17:11 - 19:04 of BBC Radio 2 Interview

[62] LF: Naomi, do you not think that, for example, the NEC confronted with allegations by Panorama, the BBC, which are a respectable organisation that there is all of this problem in the Labour Party, needs to do something about it? If a business, or a charity was confronted with allegations like this, its ruling body, whether it be the Board of Directors or the Trustees, would have to investigate. What they couldn’t do is just say “We dismiss the BBC as people who are motivated by getting at Jeremy Corbyn.” Surely the NEC has got to take responsibility for this? 

[63] JV: Ok, last word to you Naomi.

[64] NWI: The NEC accepted the Chakrabarti report which was rubbished in that Panorama…

[65] JV: …. Into antisemitism, right? Yeah.

[66] NWI: Completely, absolutely, almost libellous, I would have thought what was said about that. The NEC had ideas in place as to how to implement that. They weren’t implemented. But why not? Because at the time the people in control of the then called Governance Unit were the ones who were on Panorama last night spilling the beans. They are a totally partial group of people. There was no proper opposition to them. The journalist who did that so called investigation has a terrible record of Islamophobia, far right politics, he’s been disciplined at - BBC has had to apologise. 
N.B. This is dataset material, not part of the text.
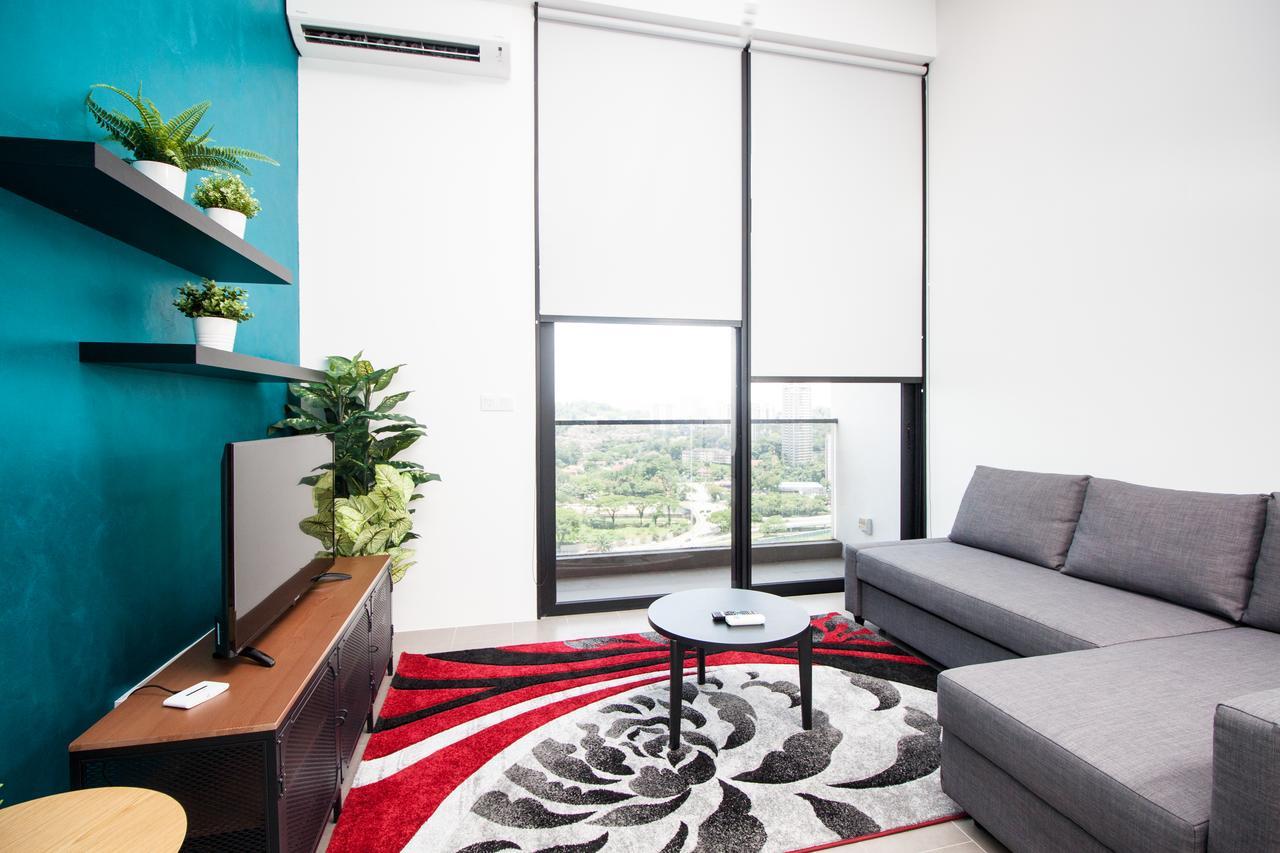 The Establishment Kl Sentral Bangsar By Plush Куала Лумпур Стая снимка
[67] JV: Oh, wait a minute, you’re talking about one of my colleagues here, John Ware?

[68] NWI: I am, I am.

[69] JV: I don’t think…

[70] NWI: Look him up on Wikipedia

[71] JV: well, hang on a minute, cos now I have to get him on…

[72] NWI: Look him up!

[73] JV: But I mean, the idea you just take down the journalist now, that’s kinda desperate isn’t it?

[74] NWI: No it isn’t

[75[ JV: He’s one of the most distinguished journalists in the BBC!

[76] NWI: We had an hour of Panorama time..

[77] JV: …all right…

[78] NWI: …lambasting Jeremy Corbyn, with no opposition…
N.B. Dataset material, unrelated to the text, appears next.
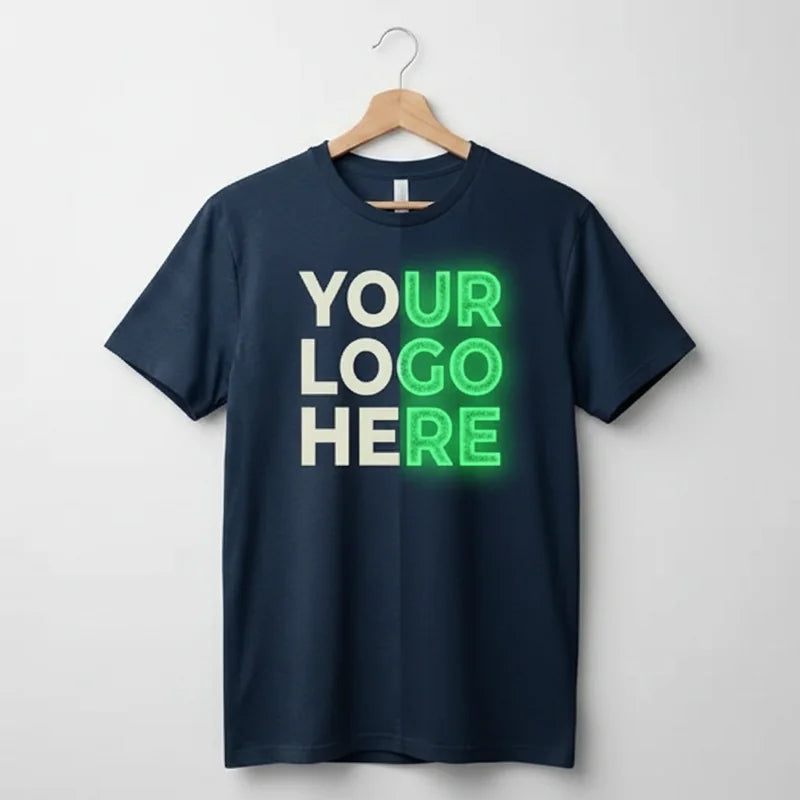 Glow-In-The-Dark T-Shirt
[79] JV: Thank you very much

[80] NWI: ..no Jewish people who had a different view.

[81] JV: Thank you very much. Naomi Wimborne-Idrissi from Jewish Voice for Labour defending Mr Corbyn and Lord Falconer, very worried, as you hear, Labour peer who is critical as to what’s happening.


 

Appendix B

Second Publication: Jewish Voice for Labour Website

Letters and complaints to the BBC about the Panorama programme

Following on the Panorama programme, we reproduce here a small selection of complaints made to the BBC or letters to the press about it.

Mon 15 Jul 2019

Compaints to the BBC should be made to their complaints unit


[1] Jenny Manson to the Today programme

Subject: A complaint about coverage of the Panorama programme today

11 July 2019 at 09:26:13 BST

Dear Today

I rang twice to ask to be interviewed on Today Programme today about the Panorama programme.  I also sent Today our statement - see below.

Instead in his interview Sam Matthews appeared to say that accusing Jewish JVL members of antisemitism is acceptable and appropriate (seemingly because broadly we support the leadership). This is a form of antisemitism (we are the wrong sort of Jews it seems).

And to represent the other view you had Rachel Shabi who approved of a Panorama programme which had no evidence, no other voices and clearly was building on the resentment of disgruntled ex employees.   She is not a spokesperson for JVL and we have a voice that should have been heard.

The other interviewed were Lord Levy and Tom Watson who repeated yet again their un-evidenced acccusation about the level of antisemitism in the Party and the responsibility of the Leader’s office when all the actual evidence suggests this is not a LABOUR PARTY problem.   There is antisemitism in the Party but it is less than in the conservative party and less than in the Corbyn days.

The bias of the Panorama programme was therefore  echoed  and amplified on Today.

Please have one of us on tomorrow.

Best wishes,
Jenny Manson  Co chair Jewish Voice for Labour

_______

[2] Follow-up email:

To add to this JVL has been asked onto several BBC programmes today including the Jeremy Vine show, Naomi, and I will be on Newsnight.

_______

[3] 15th July

Dear Today

This was more than an ‘interest in speaking to’ you  about Panorama;  it was a complaint that we were not given a hearing last Thursday despite one interviewee suggesting that Jews, if they are members of Jewish Voice for Labour (JVL), can properly be accused of antisemitism.

Since Panorama was aired, much of its content has proved to be biased or inaccurate.   Is Today aware for example that all or most of the Jewish members of the Labour Party that were interviewed but whose names were withheld were officers of the Jewish Labour Movement?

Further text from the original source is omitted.